Tuesday, October 6, 2015

Alone it is...

I wasn't surprised when this thought crept into my mind as I got out the shower. You are really lonely when the only thing hugging you is your towel and it actually feels warm, safe and inexplicably good. Am I supposed to be ashamed on this retrospection? I don't think I am. Burden of existence is killing me. I am not going to add superlatives and GRE adjectives which I haven't used in a while, most likely because I haven't racked my brain enough to remember them. I am just downright bored. I am not going to dignify the thought anymore than it needs to be. My world has shrunk. I have a life! If happiness is just a state of mind, then good deal of sugar, carbohydrates and fats should pretty much cut it. But, then the repercussions start with a muffin top and shapeless thighs. Not on the list of potential assets when you are on the groom hunt market. How about some exercise, some dancing? Yes, they certainly help but come with a cost factor called motivation. Needless to say, it is a vicious cycle, from which I just don't seem to break loose. What state of mind am I most days? It is hard to imagine that I am depressed day in and day out. But we cannot completely get rid of that theory. Should we phase it down for better understanding. May be that will help. I look at a profile, I have my hopes raised. Then, I muster the courage to communicate with the person who put up the profile. Three possible scenarios here
1. The profile is maintained by the guy himself, reads my message and looks at my picture and chooses not to respond.
2. The profile is frequented by his parents, they read my message and look at picture and choose not to respond.
3. Be decent enough to respond with some made up reason pulled out of their hat.
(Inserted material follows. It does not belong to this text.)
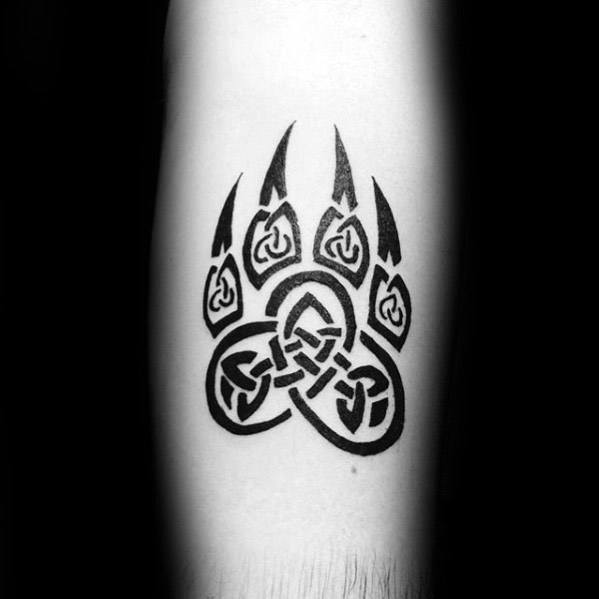 tatouage loup celtique 77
In all the 3 scenarios, I have my adrenaline pumped up for no reason.
Recently, I have become so brave, which is basically the euphemism for shameless, that nothing else matters. I have taken upon myself the task to track down these prospects on other social media, and try to reach out. Last time I tried that trick, I did get a response. A very sweet reply indeed, from a guy whose parents did not like to move forward with my profile, because the guy and i share the same rasi and natchatram! Forgive me for pulling out my hypocrite hat, yes I do believe in horoscopes and astrology. But, I also believe that things can change over time, if we can make it work, why not give it a shot. We will get to that part later, so what happened after I got the reply. I reply back, happy that I even got a response and hope to god he will follow up. 2 days mount to 10 days and still no reply. This is where I am completely lost. I am willing to spend a 1000 dollars to unravel this piece of mystery. What happened overnight? Why did he change his mind? I am not trying to be a saint here. You should ask me what happens to you when you receive such out of the blue requests. Well, it depends on the wording of the interest. Yes! again a hypocrite, but believe me I have learnt it the hard way. I might reply back citing a reason, may not reply at all if it is a general message people send out on bulk.
I am just lost! I have no hopes what so ever. I am not sure how many more rejections I can handle.
I have come to understand a few nuances. Beauty is not skin deep. It is cerebral. Still trying to figure out, how to get past that roadblock. I have nothing to show for so far. It is a game, where you are being tested on how far can you hold on. It is just a matter of time before we start compromising. And till then, my mind is going to be on the quazi-depressed state. I have exhausted my options to escape this state, trust me when people say you need saving, they do know what they are talking about. I am already thinking, this might be the worst post ever. Couple of things that I wonder about
 1. How is it to be loved?
2. How is it to belong to someone completely?
3. How is it to walk on the river side hand in hand?
4. How is it look into that someone's eyes and know they understand you completely?
5. How is it to plan a wedding?
6. How is it to finally find your parents happy after a long long time?
7. How is it actually say to the world you are committed to someone?

If I wanted to write a book about my life, I am yet disadvantaged, because I still don't know what the climax is. That is not entirely true, I could still change the plot heading to a different climax. But you know an average Indian girl doesn't have that liberty. I can only dearly hope it doesn't have to get to that.